Surveys from ADP and Intuit show small business jobs are starting to make a comeback.
Mary Knox Merrill / The Christian Science Monitor / File
Small business is hiring again in the United States – and that is a positive sign that larger employers will begin picking up the pace of hiring in the months ahead.
The latest indication: Employment at firms with fewer than 50 employees ticked up in April for the second month in a row, according to the ADP National Employment Report released Wednesday.
"It's not unusual for small businesses to recover before the big firms do," says Susan Woodward, former chief economist at the Department of Housing and Urban Development and creator of the Intuit Small Business Employment Index. The recovery "will continue slow, but it's real."
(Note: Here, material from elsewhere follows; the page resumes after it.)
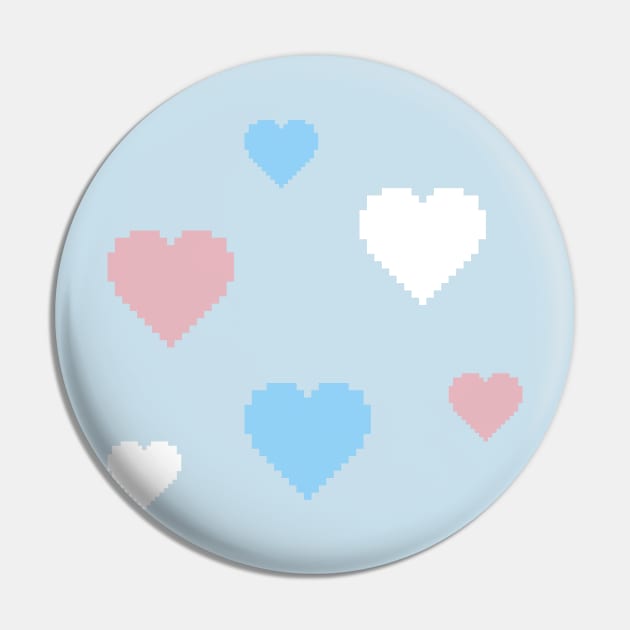 Trans Pride Hearts Pixel Art Pin by christinegames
The Intuit index, released last week, showed small-business employment growing last month at a 4 percent annual rate.
The only debates are over when the small-business rebound began and how strong it is.
The upturn began last August and has picked up pace in recent months, according to the new Intuit index. Of the 300,000 jobs small firms have created so far, nearly a quarter of them came last month. Compensation and hours worked were also up after nearly a year of no increase or actual decrease.
The ADP report released Wednesday shows a much more recent and tentative recovery for small businesses: a minuscule rise of 4,000 workers in March and an even tinier increase of 1,000 workers in April. Mid-size and large companies hired 31,000 new workers last month, according to ADP.
Why the difference? The two indexes measure small businesses differently: ADP looks at firms with fewer than 50 workers; Intuit, fewer than 20. More importantly, ADP reports on establishments (which could treat each store of a national retailer as a separate small business) vs. Intuit, which looks at specific firms.
So it's not surprising that the Intuit data would show a longer recovery, since it picks up the hiring moves of a local bookkeeping firm or construction company, which are made much faster than, say, store managers of a national chain, which often need approval from management before they can hire.